V. Adoramus te, Christe, et benedicimus tibi.
R. Quia per sanctam crucem tuam redemisti mundum.

Del Evangelio según san Lucas 22, 39-46

Jesús salió y, como de costumbre, fue al monte de los Olivos, y los discípulos le siguieron. Llegado al lugar les dijo: «Pedid que no caigáis en tentación». Y se apartó de ellos como un tiro de piedra, y puesto de rodillas oraba diciendo: «Padre, si quieres, aparta de mí este cáliz; pero no se haga mi voluntad, sino la tuya». Entonces, se le apareció un ángel venido del cielo que le confortaba. Y sumido en agonía, insistía más en su oración. Su sudor se hizo como gotas espesas de sangre que caían en tierra. Levantándose de la oración, vino donde los discípulos y los encontró dormidos por la tristeza; y les dijo: «¿Cómo es que estáis dormidos? Levantaos y orad para que no caigáis en tentación».

MEDITACIÓN

Cuando desciende sobre Jerusalén el velo de la oscuridad, aún hoy los olivos de Getsemaní, con el susurro de sus hojas, parecen remontarnos a aquella noche de sufrimiento y de oración que vivió Jesús. Él destaca solitario, en el centro de la escena, arrodillado sobre los terrones de aquel huerto. Como cualquier persona cuando afronta la muerte, también Cristo está embargado de angustia; más aún, la palabra original que utiliza el evangelista san Lucas es «agonía», o sea, lucha. Entonces la oración de Jesús es dramática, es tensa como en un combate, y el sudor mezclado con sangre que resbala por su rostro es signo de un tormento áspero y duro.

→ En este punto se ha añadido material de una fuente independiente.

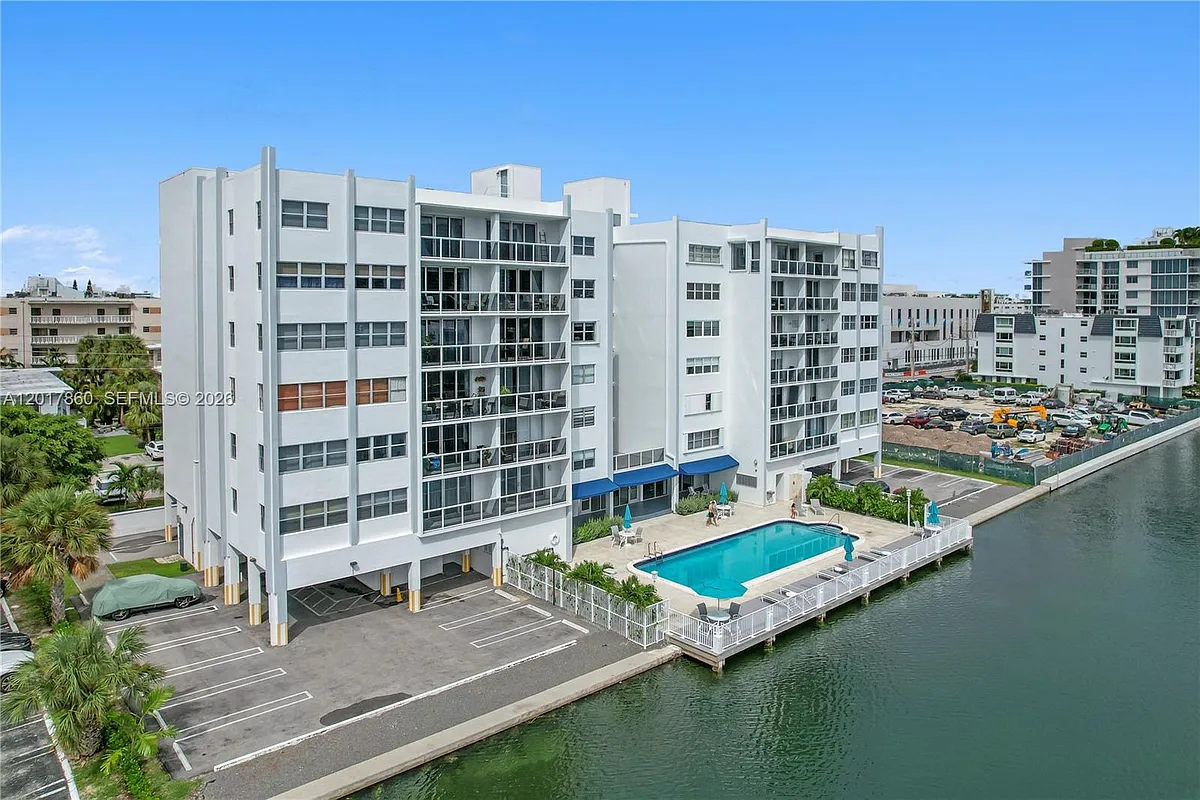 Building Photo - 9381 E Bay Harbor Dr #301N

Jesús lanza un grito hacia lo alto, hacia aquel Padre que parece misterioso y mudo: «Padre, si quieres, aparta de mí este cáliz», el cáliz del dolor y de la muerte. También uno de los grandes padres de Israel, Jacob, en una noche oscura, en las riberas de un afluente del Jordán, se había encontrado con Dios como una persona misteriosa que «estuvo luchando con él hasta rayar el alba».[1] Orar en el tiempo de la prueba es una experiencia que conmueve el cuerpo y el alma, y también Jesús, en las tinieblas de aquella noche, «ofrece ruegos y súplicas con poderoso clamor y lágrimas al que puede salvarle de la muerte».[2]

* * *

En el Cristo de Getsemaní, en lucha con la angustia, nos reconocemos a nosotros mismos cuando atravesamos la noche del dolor lacerante, de la soledad de los amigos, del silencio de Dios. Por esto, Jesús –como se ha dicho– «estará en agonía hasta el fin del mundo: no hay que dormir hasta ese momento, porque él busca compañía y consuelo»[3], como cualquier persona de la tierra que sufre. En él descubrimos también nuestro rostro, cuando está bañado en lágrimas y marcado por la desolación.

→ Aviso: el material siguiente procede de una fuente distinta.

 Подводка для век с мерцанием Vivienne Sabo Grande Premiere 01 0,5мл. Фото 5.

Pero la lucha de Jesús no desemboca en la tentación de la rendición desesperada, sino en la profesión de confianza en el Padre y en su misterioso designio. En esa hora amarga repite las palabras del «Padre nuestro»: «Orad para que no caigáis en tentación... No se haga mi voluntad, sino la tuya». Entonces aparece el ángel de la consolación, del apoyo y del consuelo, que ayuda a Jesús y nos ayuda a nosotros a seguir hasta el fin nuestro camino.

Todos:

Pater noster, qui es in cælis:
sanctificetur nomen tuum;
adveniat regnum tuum;
fiat voluntas tua, sicut in cælo, et in terra.
Panem nostrum cotidianum da nobis hodie;
et dimitte nobis debita nostra,
sicut et nos dimittimus debitoribus nostris;
et ne nos inducas in tentationem;
sed libera nos a malo.

Stabat mater dolorosa,
iuxta crucem lacrimosa,
dum pendebat Filius.


[1] Cf. Génesis 32, 23-32.

[2] Cf. Hebreos 5, 7.

[3] Blaise Pascal, Pensamientos, n. 553 ed. Brunschvicg.